At Heavenfield it’s hard to tell if it’s you that’s
high or the sky that’s low. As soon as you step off the Military
Road and walk through the gate next to the sturdy wooden cross,
you’re in meadow – buttercups, grasses, dock –and
the clouds roll over your head east towards the city and the sea.
The old stone wall round the churchyard borders sycamore trees
and nettles, lush and rampant green above and below. A blue swing
sways in the breeze: you watch it and the way your thoughts weave
in and out of everything that’s there and everything that
isn’t; the sounds of birds and sheep and cars in the distance.
You can smell animal and earth, a hint of autumn in the air - ripeness.
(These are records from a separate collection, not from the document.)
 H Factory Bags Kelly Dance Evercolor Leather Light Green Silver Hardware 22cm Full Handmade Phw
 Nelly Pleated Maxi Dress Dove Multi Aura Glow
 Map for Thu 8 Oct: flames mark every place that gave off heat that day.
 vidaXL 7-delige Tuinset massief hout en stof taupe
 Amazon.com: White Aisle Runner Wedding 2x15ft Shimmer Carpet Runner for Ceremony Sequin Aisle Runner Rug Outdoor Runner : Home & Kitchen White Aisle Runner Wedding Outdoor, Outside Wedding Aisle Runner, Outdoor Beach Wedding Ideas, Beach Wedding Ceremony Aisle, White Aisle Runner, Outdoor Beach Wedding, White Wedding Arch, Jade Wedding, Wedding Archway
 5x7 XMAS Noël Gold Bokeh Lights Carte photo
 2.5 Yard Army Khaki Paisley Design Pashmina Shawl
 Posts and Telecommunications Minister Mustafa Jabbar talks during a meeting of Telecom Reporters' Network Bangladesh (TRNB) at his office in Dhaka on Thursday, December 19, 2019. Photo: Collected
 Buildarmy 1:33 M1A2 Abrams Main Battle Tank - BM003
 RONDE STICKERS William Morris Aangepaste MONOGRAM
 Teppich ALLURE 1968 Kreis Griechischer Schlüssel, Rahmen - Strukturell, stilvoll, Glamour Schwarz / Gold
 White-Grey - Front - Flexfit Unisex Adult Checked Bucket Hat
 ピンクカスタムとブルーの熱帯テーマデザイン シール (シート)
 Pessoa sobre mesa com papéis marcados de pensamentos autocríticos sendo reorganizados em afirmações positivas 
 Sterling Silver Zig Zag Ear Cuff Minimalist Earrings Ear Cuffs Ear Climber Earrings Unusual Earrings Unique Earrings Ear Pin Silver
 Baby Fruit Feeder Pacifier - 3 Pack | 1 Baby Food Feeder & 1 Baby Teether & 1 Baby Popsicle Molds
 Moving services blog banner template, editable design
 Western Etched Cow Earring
In the graveyard you can sit on a seat of wood and stone and see
the whole of the North unfold in front of you, the blaze of the
Cheviot on the horizon. A metal plaque tells you it’s dedicated
to one Alexander Mason, born at Heavenfield on 2nd June 1906 and
died a couple of miles along the Wall at High Brunton on 6th February
1997. That seems to suit this place, so deeply rooted in time and
continuity, where what is important can bear fruit.
Rain will thread you into the church, the small fusty vestry, cluttered
with heaters and hymn numbers, boards telling you the story of King
Oswald and how a heavenly light appeared all night over his bones
and invested them with the power to deliver souls possessed with
devils. And so your thoughts find new hooks to hang themselves on,
a different quality of light to see by. Working with renga, it occurs
to you, it’s not by hand you write but by breath, coming and
going, open as the sky over Heavenfield.